* _YOUR GOAL_: Each line from the one containing "Item preview, Walter" through the end of the records below must be repeated exactly, and no other line.

(Short text fragments from websites)
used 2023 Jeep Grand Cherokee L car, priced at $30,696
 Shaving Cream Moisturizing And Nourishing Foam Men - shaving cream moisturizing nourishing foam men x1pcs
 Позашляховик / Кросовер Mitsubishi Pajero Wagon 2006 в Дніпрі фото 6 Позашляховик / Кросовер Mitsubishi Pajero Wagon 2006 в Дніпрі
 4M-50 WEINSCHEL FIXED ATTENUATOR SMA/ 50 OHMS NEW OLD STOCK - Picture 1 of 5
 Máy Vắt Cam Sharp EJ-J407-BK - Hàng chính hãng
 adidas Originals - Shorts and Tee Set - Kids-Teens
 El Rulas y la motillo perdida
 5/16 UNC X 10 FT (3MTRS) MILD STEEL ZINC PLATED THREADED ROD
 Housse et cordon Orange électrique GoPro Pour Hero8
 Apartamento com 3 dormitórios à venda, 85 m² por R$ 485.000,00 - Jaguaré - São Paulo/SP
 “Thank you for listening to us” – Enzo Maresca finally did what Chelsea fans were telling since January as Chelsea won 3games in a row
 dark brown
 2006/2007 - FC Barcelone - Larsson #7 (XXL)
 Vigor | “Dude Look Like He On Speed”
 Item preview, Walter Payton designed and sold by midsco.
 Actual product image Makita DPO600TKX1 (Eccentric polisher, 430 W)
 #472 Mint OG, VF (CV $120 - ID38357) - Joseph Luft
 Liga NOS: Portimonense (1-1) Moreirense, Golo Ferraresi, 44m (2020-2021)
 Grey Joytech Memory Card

* _RESPONSE BELOW_:
 Item preview, Walter Payton designed and sold by midsco.
 Actual product image Makita DPO600TKX1 (Eccentric polisher, 430 W)
 #472 Mint OG, VF (CV $120 - ID38357) - Joseph Luft
 Liga NOS: Portimonense (1-1) Moreirense, Golo Ferraresi, 44m (2020-2021)
 Grey Joytech Memory Card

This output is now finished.